The Art & Science Of Roasting Coffee

Roasting coffee is both an art and a science.

By applying science we can achieve subtle variations or consistency in our coffee. We do this by consistent testing and measuring and applying the data learnt to achieve the result we desire. The art in roasting is applied by the roaster and essentially means that we use poetic license, passion and experience to create a variety of tastes, aromas, and nuances to bring out the best in each bean. We do this by using each of the five senses when roasting. The most important of which are: hearing when the beans crack, watching the colour of the bean to determine darkness of the roast and smelling the roast to pick up any potential inconsistencies.

The passage of the bean from the farm to a cup is fascinating. During our coffee-cupping events hosted at our roastery, we spend some time teaching customers about how much love, passion, and processes are applied to the coffee bean throughout it being the seed in the ground, the cherry in the tree, the green bean delivered, the roasted bean, to the final product and how it is prepared.
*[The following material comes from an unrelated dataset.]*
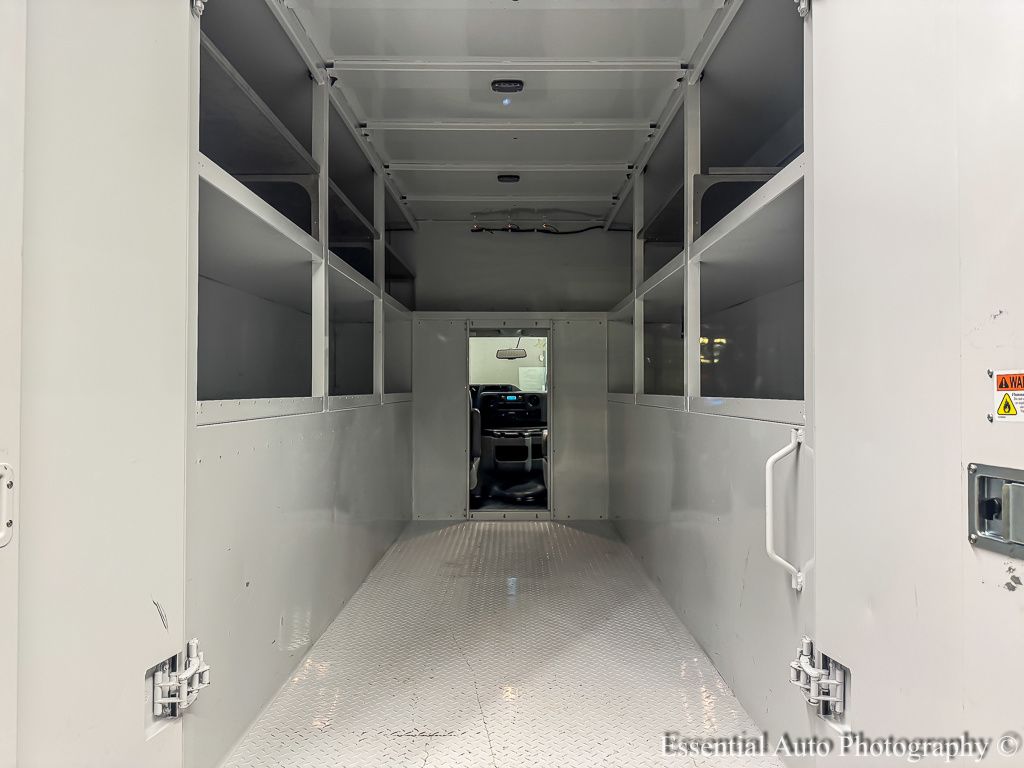 Used 2024 Ford E-350 Cutaway - photo 19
What never ceases to amaze us is the level of interest peaked in people once their eyes are opened to the amount of effort, passion, and science put into every cup of coffee that they drink. We strive to make sure that people never look at coffee in the same way again through this educational experience, so that their own coffee journey through the rabbit hole can begin.

We can make the same coffee bean taste over 1000 different ways. This is the first statement we start with in any of our training sessions. It is the main reason we love what we do so much. There is no ‘perfect’ way to roast or prepare coffee. The goal is always changing and internationally we are always improving. Imagine for a moment one type of bean from a single origin (one particular farm) let’s say in Brazil. Depending on the amount of rain, humidity, soil and many more variables a bean from the same farm can taste more lemony one year and more like orange the next.

As an aside the coffee flavour wheel has double the flavours that you can taste to the wine flavour wheel (I can write about this in a future post). Once we receive the bean in 60kg bags our roasting process starts. With the following variables we can roast the coffee to taste 100’s of different ways. Time -How long we take to roast it. The longer you roast the more oil you draw from the coffee and the more different the flavours. Everyone knows the difference between a light and dark roast but not many people understand that a 20 second difference when roasting can change the coffee completely. A batch can take between 8 and 15 minutes depending on what you want to roast.

Dosage -How much coffee so we put in the roaster. A 10% difference here influences the temperature in the roaster tremendously which changes the roast profile which changes the flavour. Temperature- This could be one of the most important variables. Some beans are naturally harder, some beans are softer, and this affects the temperature we need to roast at. We can roast the same coffee and pull it out of the roaster at 185, 187 and 189 degrees and it will taste completely different at each temperature. Without going onto too much detail each of the above affects the other exponentially. Like if you put less beans in the barrel, roast the coffee longer and at a higher temperature you would have a completely different tasting coffee to more beans, longer roast and lower temperature. The variables alone allow for us to make one bean taste so many different ways it is mind boggling.

And that is just a bean from one farm, not even when we blend (that’s when we take coffees from different countries and blend them together to get a different taste), this happens after we roasted the beans from a single origin in their own roast batch. This does not even start to explain the importance of the barista and the variables they have at their disposal to make the same coffee taste completely different (I think I can leave this one for another post too) If the science of coffee roasting is the path, then the art is the ability to wander around a bit and still arrive at the desired destination.